> What the task requires:
A faithful retyping of every entry below is wanted, with images left out.

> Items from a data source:
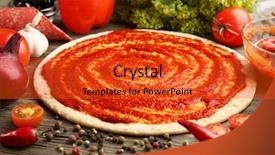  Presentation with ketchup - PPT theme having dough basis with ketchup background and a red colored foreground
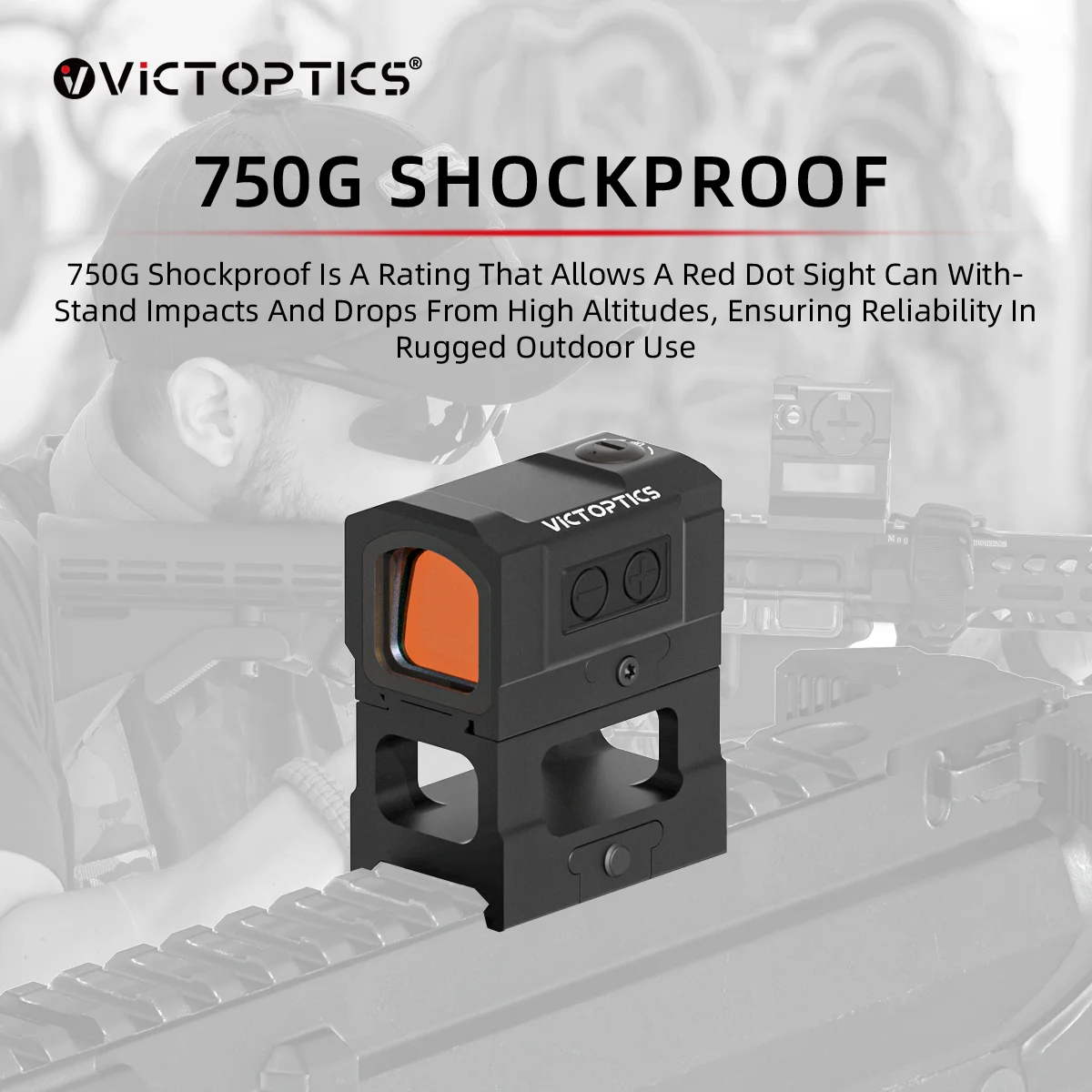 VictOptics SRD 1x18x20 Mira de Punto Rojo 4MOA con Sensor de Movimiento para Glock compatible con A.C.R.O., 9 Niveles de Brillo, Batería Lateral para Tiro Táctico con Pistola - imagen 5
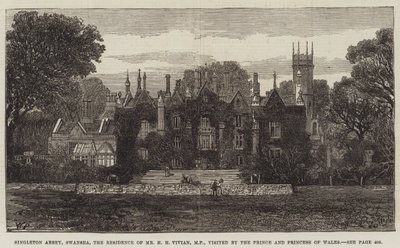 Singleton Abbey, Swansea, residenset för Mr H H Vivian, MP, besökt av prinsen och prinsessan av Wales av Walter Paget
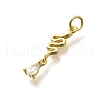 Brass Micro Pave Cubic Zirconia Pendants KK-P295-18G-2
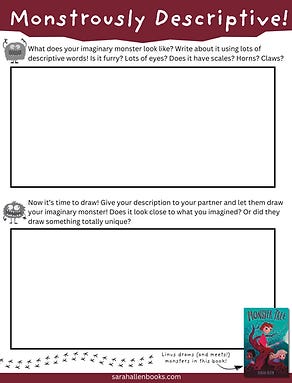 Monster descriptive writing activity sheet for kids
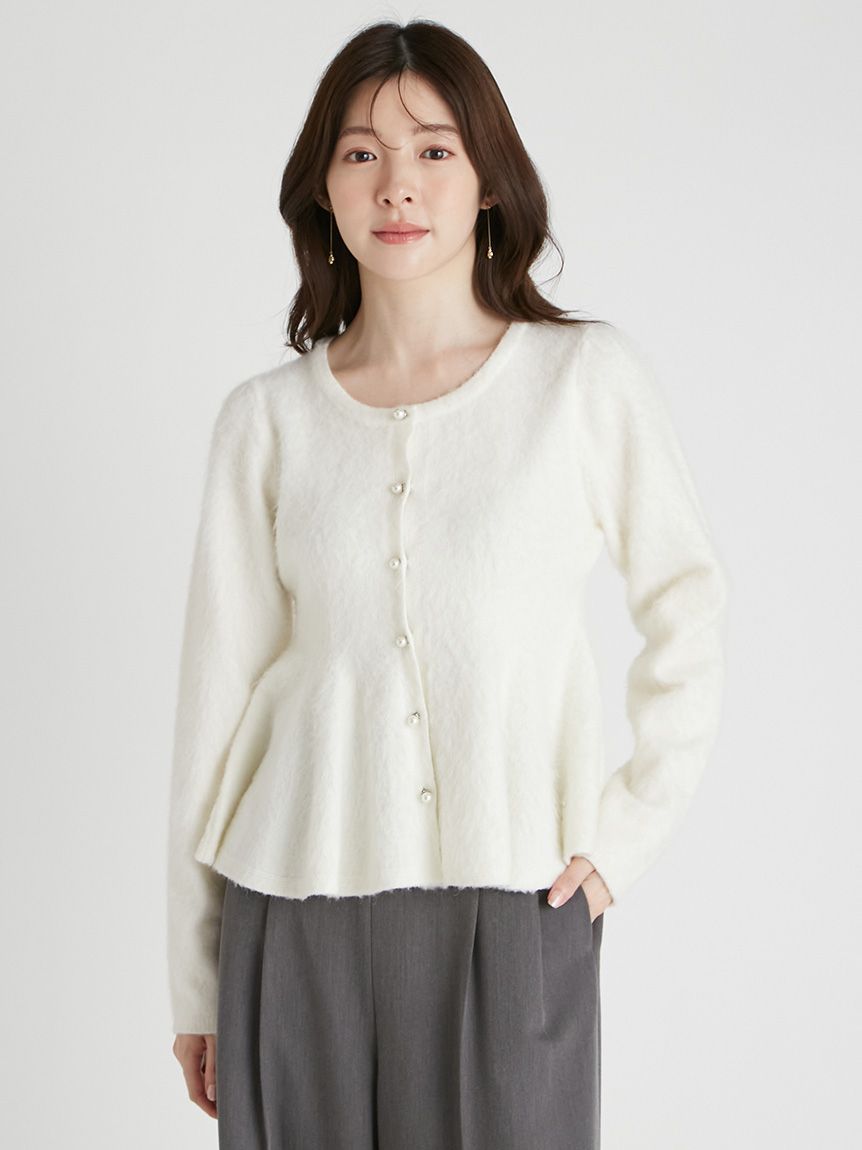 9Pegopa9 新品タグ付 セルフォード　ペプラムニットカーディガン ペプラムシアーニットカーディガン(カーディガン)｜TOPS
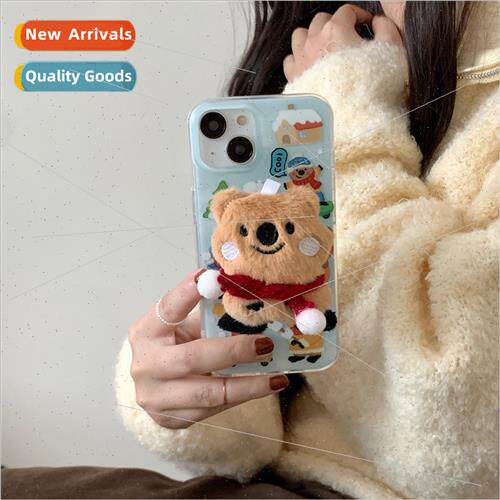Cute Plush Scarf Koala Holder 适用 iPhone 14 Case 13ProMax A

> Your solution:
  Presentation with ketchup - PPT theme having dough basis with ketchup background and a red colored foreground
 VictOptics SRD 1x18x20 Mira de Punto Rojo 4MOA con Sensor de Movimiento para Glock compatible con A.C.R.O., 9 Niveles de Brillo, Batería Lateral para Tiro Táctico con Pistola - imagen 5
 Singleton Abbey, Swansea, residenset för Mr H H Vivian, MP, besökt av prinsen och prinsessan av Wales av Walter Paget
 Brass Micro Pave Cubic Zirconia Pendants KK-P295-18G-2
 Monster descriptive writing activity sheet for kids
 9Pegopa9 新品タグ付 セルフォード　ペプラムニットカーディガン ペプラムシアーニットカーディガン(カーディガン)｜TOPS
Cute Plush Scarf Koala Holder 适用 iPhone 14 Case 13ProMax A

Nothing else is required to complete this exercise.